Your output consists solely of the lines from the one that contains "Artist Brian Casey" to the end of the material, each reproduced exactly; pictures do not belong in it.

- **PROVIDED MATERIAL**:
+-------+

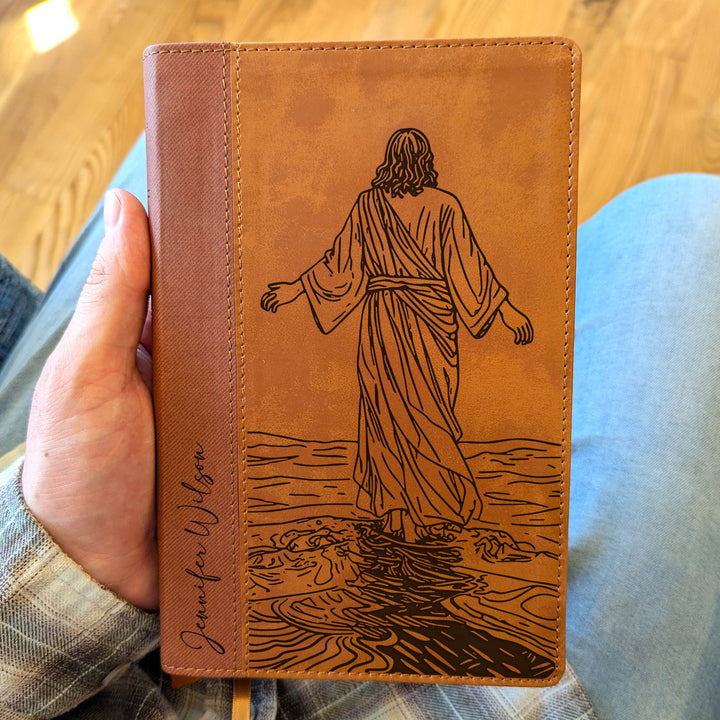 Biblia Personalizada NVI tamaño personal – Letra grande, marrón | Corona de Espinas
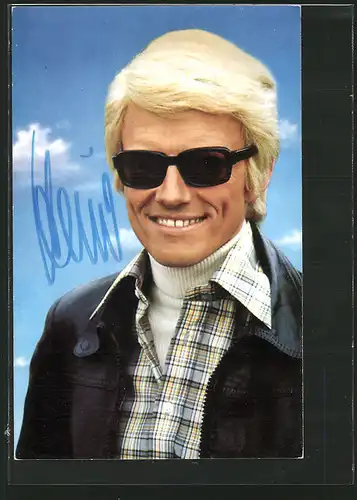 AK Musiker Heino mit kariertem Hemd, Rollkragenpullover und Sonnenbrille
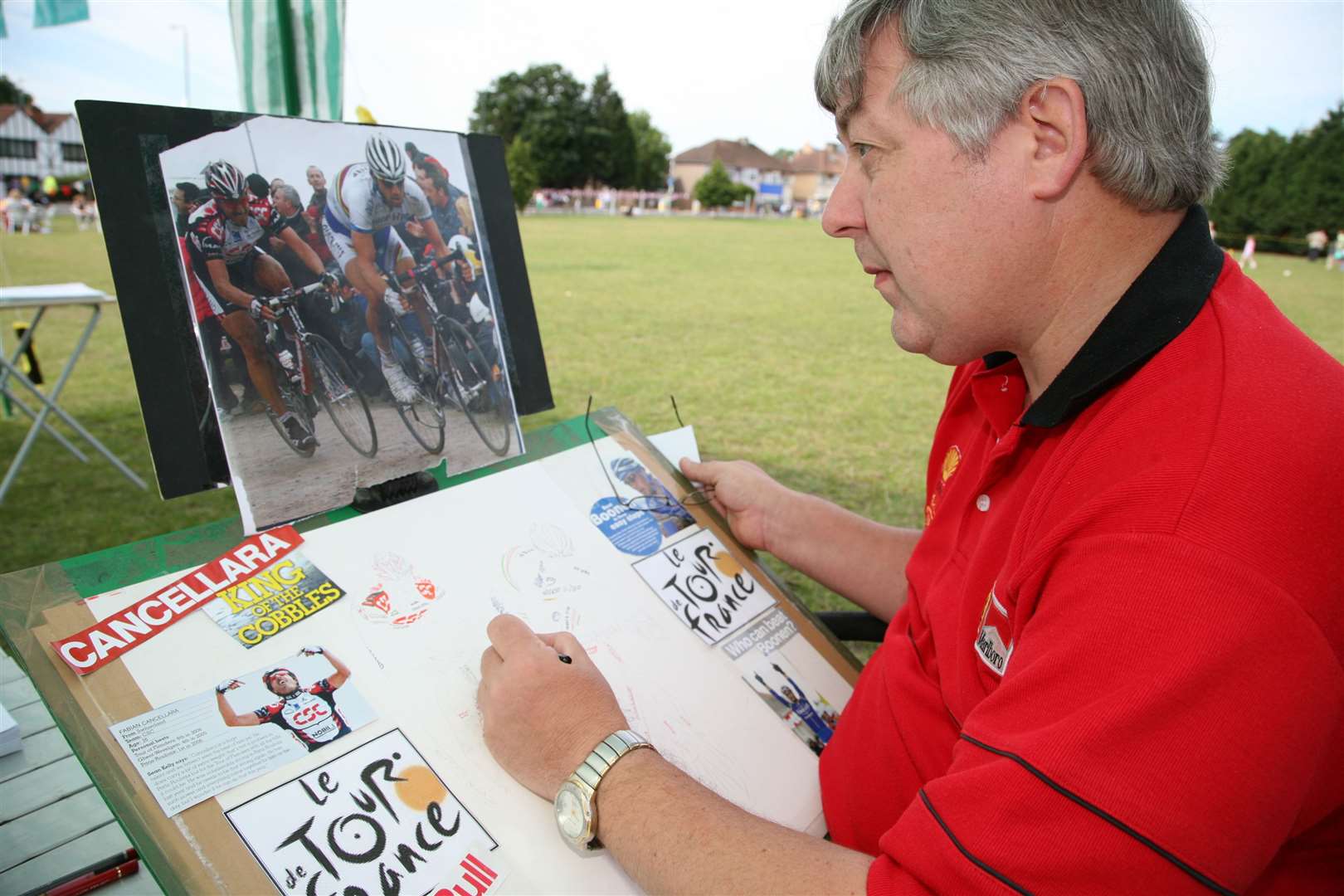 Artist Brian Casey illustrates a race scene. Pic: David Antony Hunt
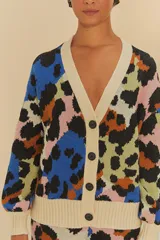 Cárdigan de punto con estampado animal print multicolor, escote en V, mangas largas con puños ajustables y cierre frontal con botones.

+-------+

- **WRITTEN ANSWER**:
 Artist Brian Casey illustrates a race scene. Pic: David Antony Hunt
 Cárdigan de punto con estampado animal print multicolor, escote en V, mangas largas con puños ajustables y cierre frontal con botones.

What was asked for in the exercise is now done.